In the listing, locate the line containing "Modni hit te", then quote it and all following lines exactly. Omit pictures.
----------
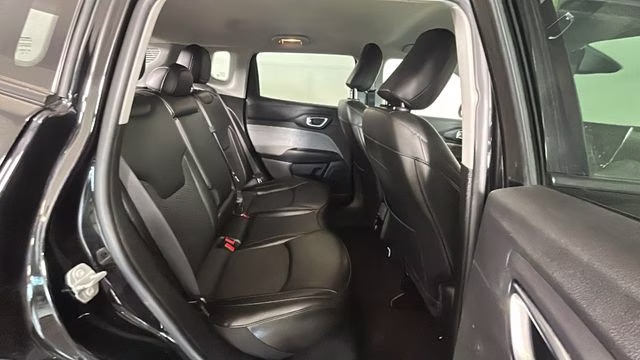 2022 Diamond Black Crystal Pearlcoat Jeep Compass Latitude FWD SUV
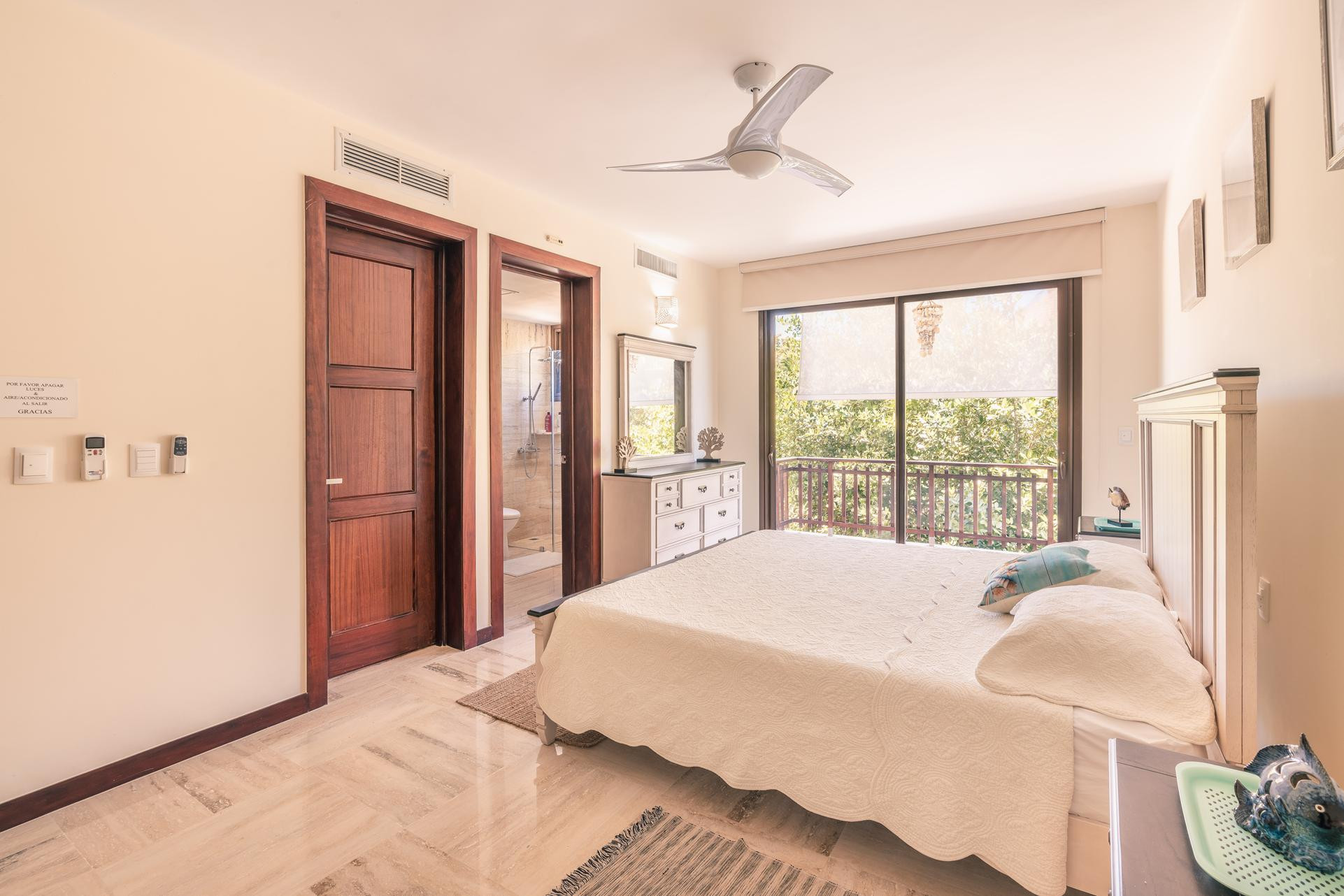 DSC08604DSC08604-HDRCopy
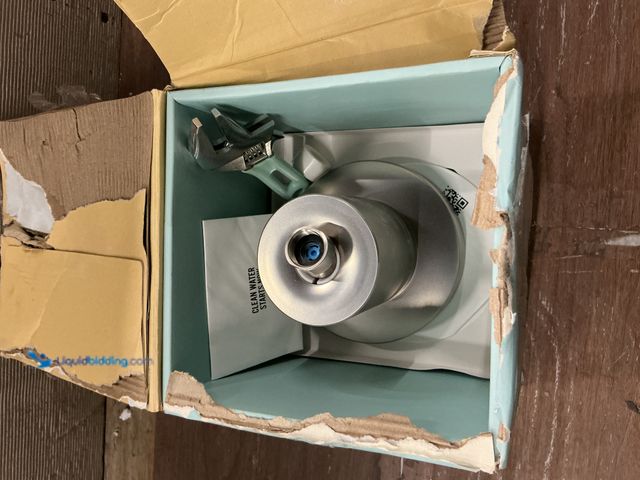 Lot 49-3529154 - JOLIE Filtered Showerhead Unused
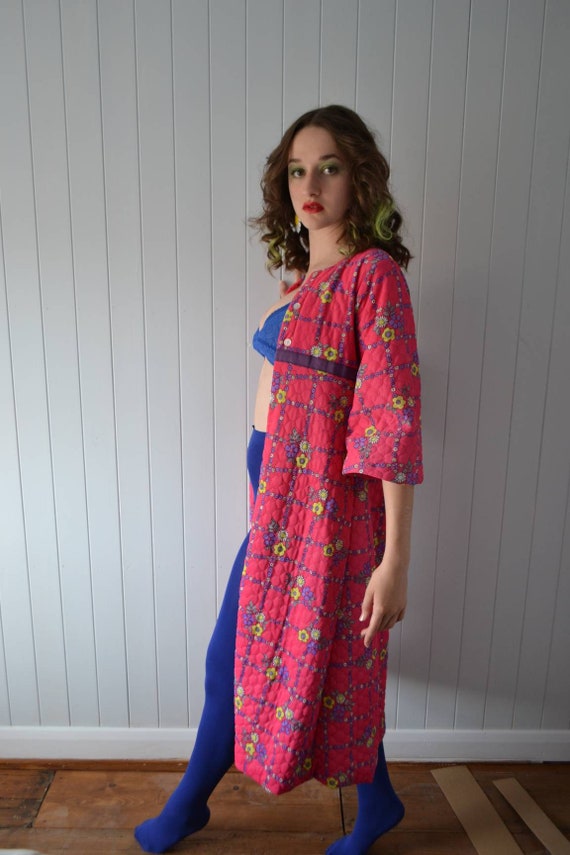 Quilted Pink Daisy Flower Power Vintage 1960s 60s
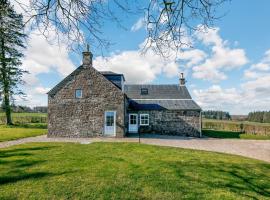 Meadowgreen Farmhouse, hotel barat a Forfar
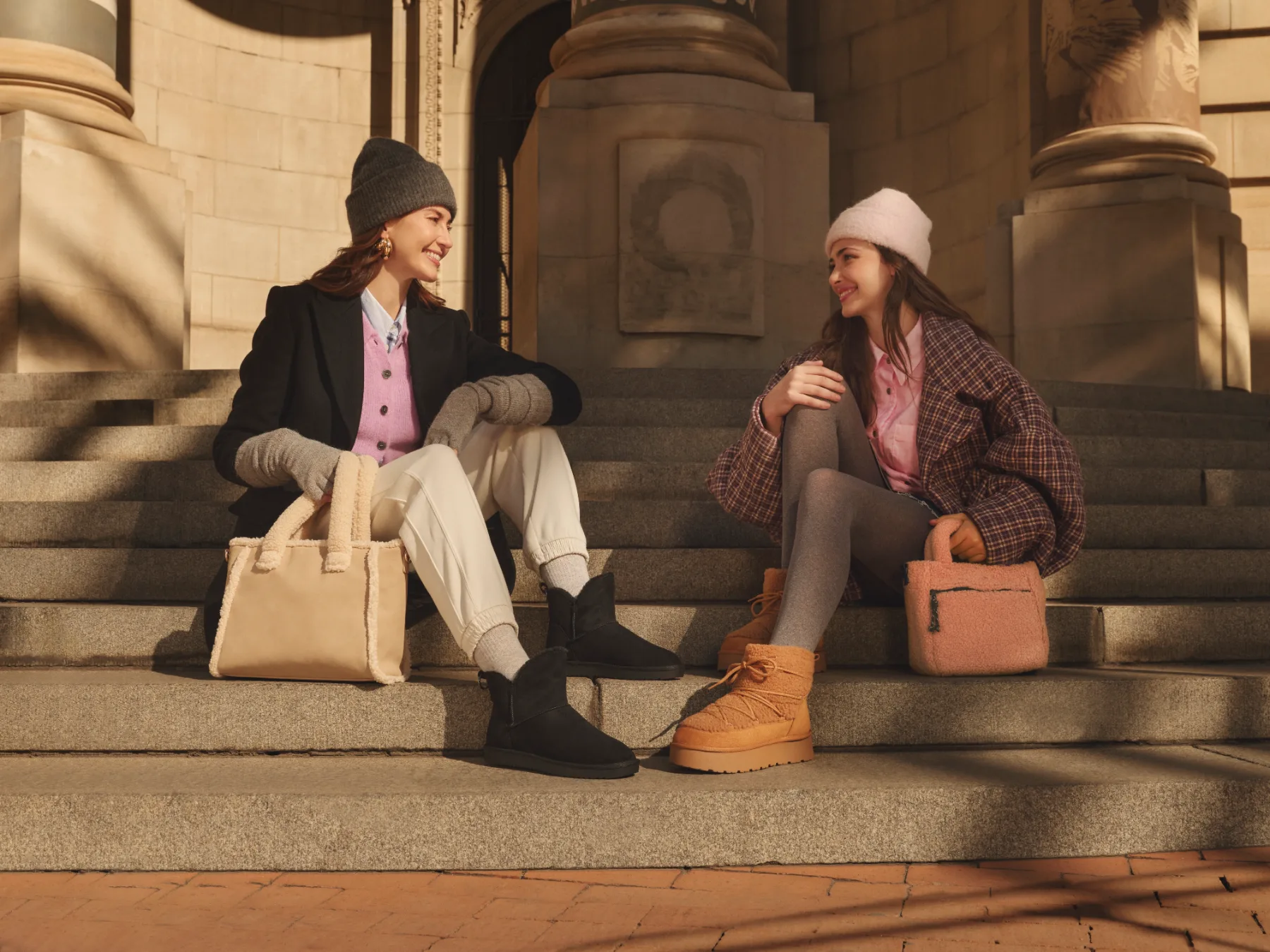 Modni hit te zime – cosy boots! Nasveti, kako jih vključiti v vsak outfit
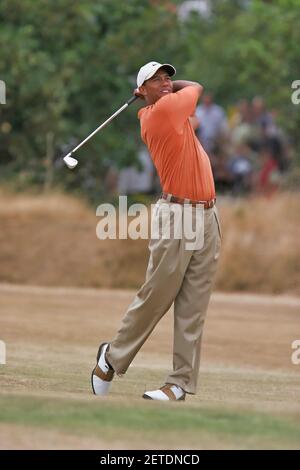 Le champion Tiger Woods Golfer a tiré un coup de fer au championnat Open Golf 2006, Royal Liverpool Golf Club Banque D'Images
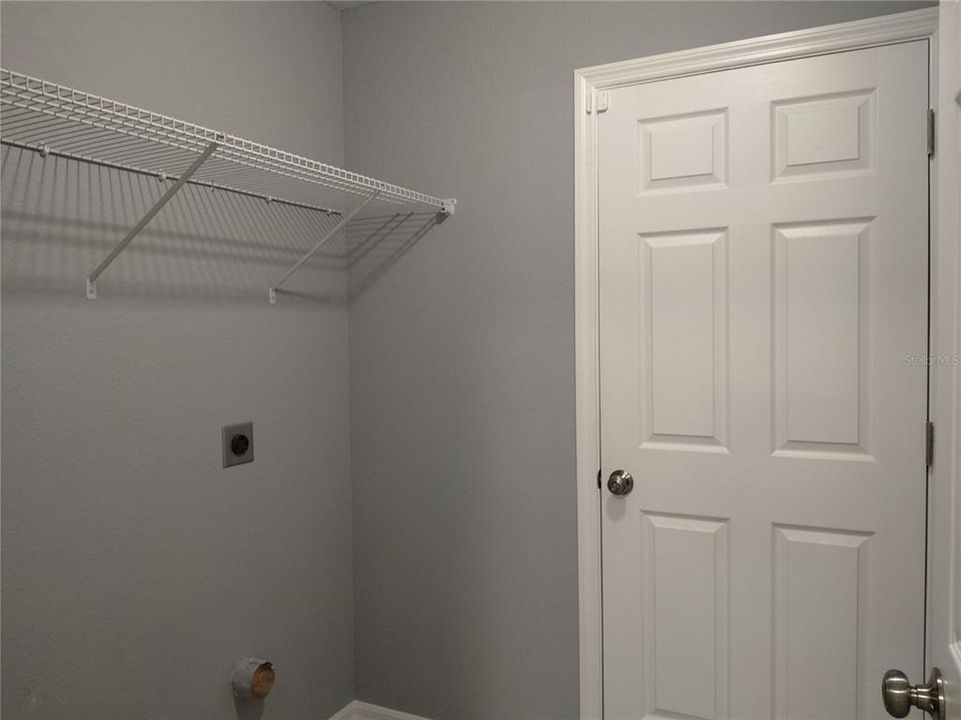 For Sale: $259,000 (3 beds, 2 baths, 1249 Square Feet)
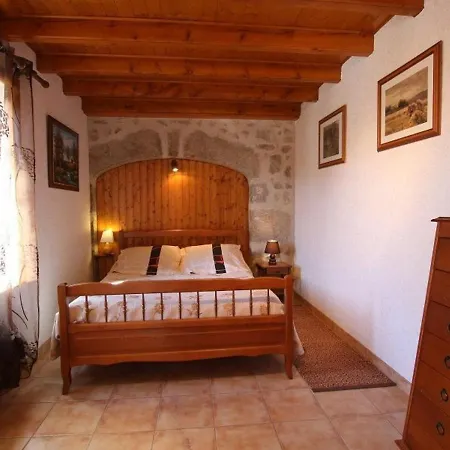 En Pierre Avec Terrasses, Proche De Sites Medievaux, Ideal Pour Famille Avec Equipements Bebe. - Fr-1-582-256 Boisset (Haute-Loire)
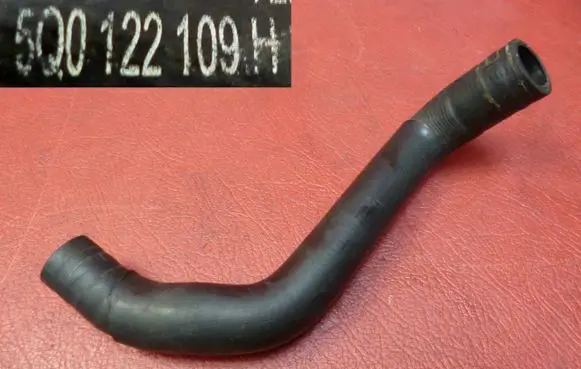 Volkswagen Golf VII Engine coolant pipe/hose 5Q0122109H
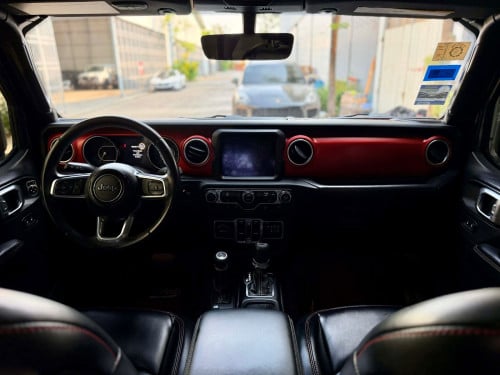 Jeep Wrangler Sahara 2018 Full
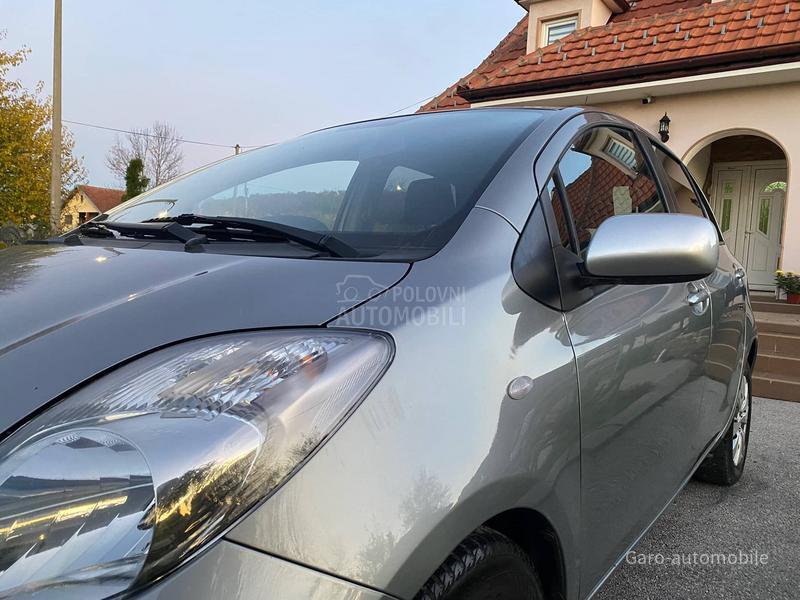 Toyota Yaris 1.33VVTI SVAJCARSKA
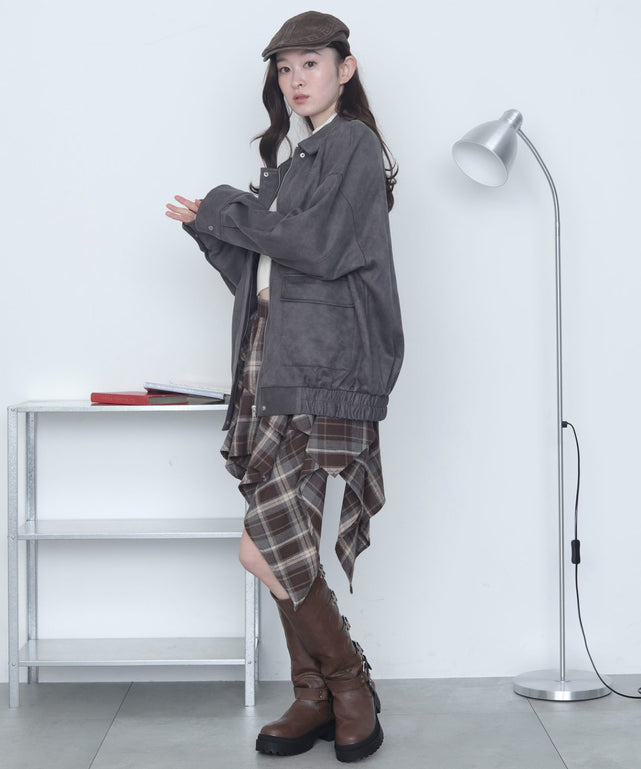 チャコール　モデル：163cm F着用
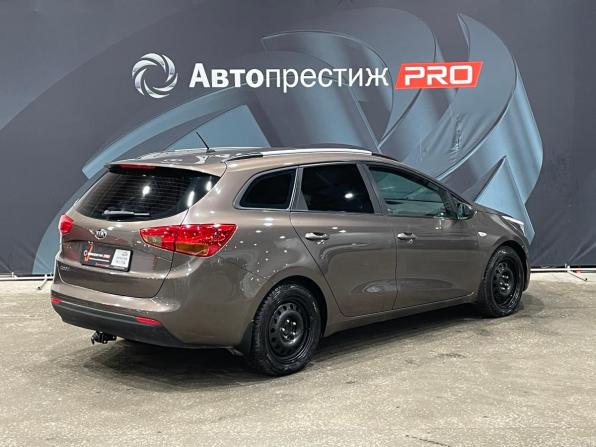 Kia Ceed II с пробегом 2014 года, цена 899 000 рублей, 209980 км, универсал, Автокод Объявления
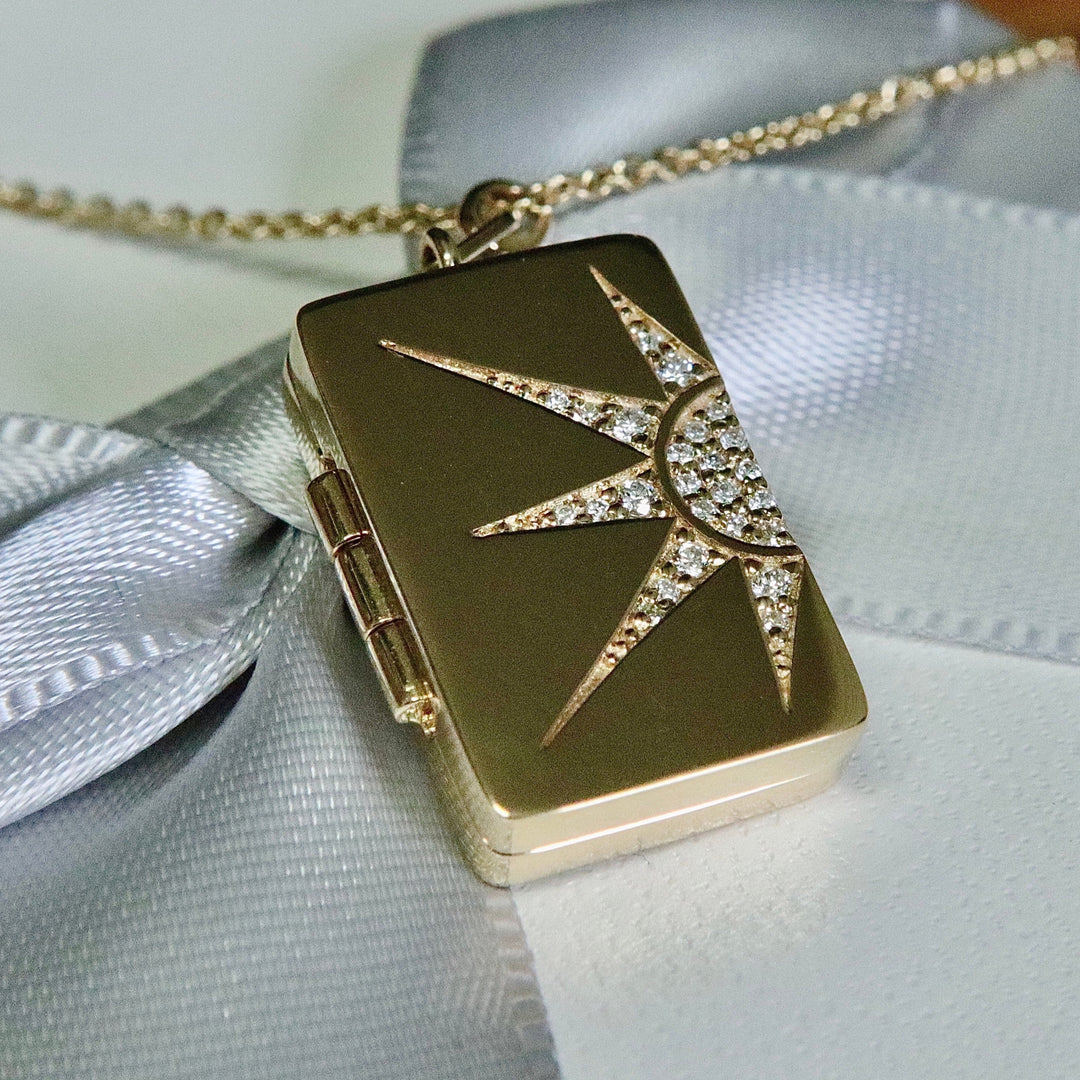 Mathieu Blanchard Collier porte-photo en or 14K et diamants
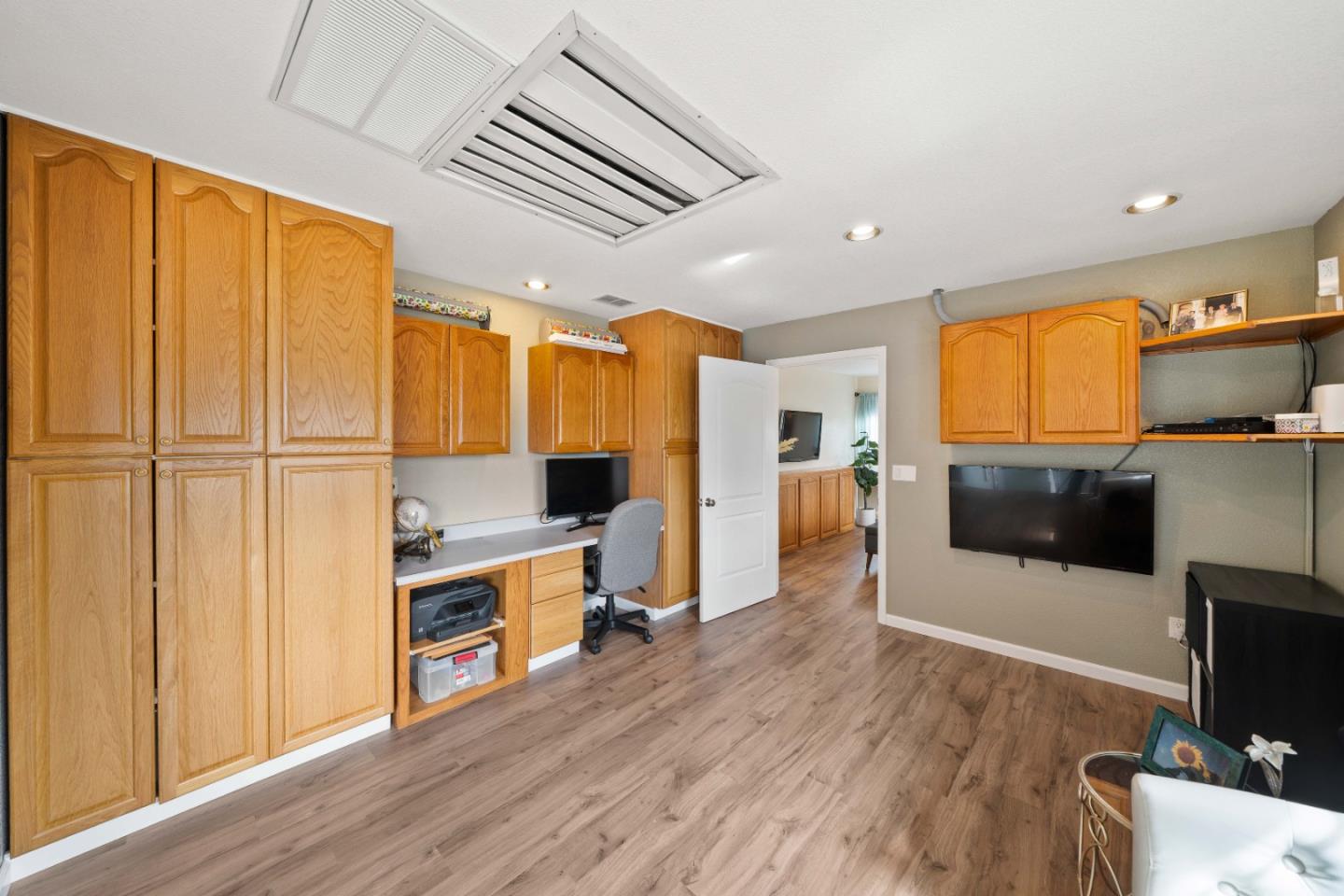 Detail Gallery Image 11 of 40 For 1389 Stockbridge Dr, San Jose,  CA 95130 - 4 Beds | 3 Baths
----------
■ SOLUTION FOR THIS TASK
 Modni hit te zime – cosy boots! Nasveti, kako jih vključiti v vsak outfit
 Le champion Tiger Woods Golfer a tiré un coup de fer au championnat Open Golf 2006, Royal Liverpool Golf Club Banque D'Images
 For Sale: $259,000 (3 beds, 2 baths, 1249 Square Feet)
 En Pierre Avec Terrasses, Proche De Sites Medievaux, Ideal Pour Famille Avec Equipements Bebe. - Fr-1-582-256 Boisset (Haute-Loire)
 Volkswagen Golf VII Engine coolant pipe/hose 5Q0122109H
 Jeep Wrangler Sahara 2018 Full
 Toyota Yaris 1.33VVTI SVAJCARSKA
 チャコール　モデル：163cm F着用
 Kia Ceed II с пробегом 2014 года, цена 899 000 рублей, 209980 км, универсал, Автокод Объявления
 Mathieu Blanchard Collier porte-photo en or 14K et diamants
 Detail Gallery Image 11 of 40 For 1389 Stockbridge Dr, San Jose,  CA 95130 - 4 Beds | 3 Baths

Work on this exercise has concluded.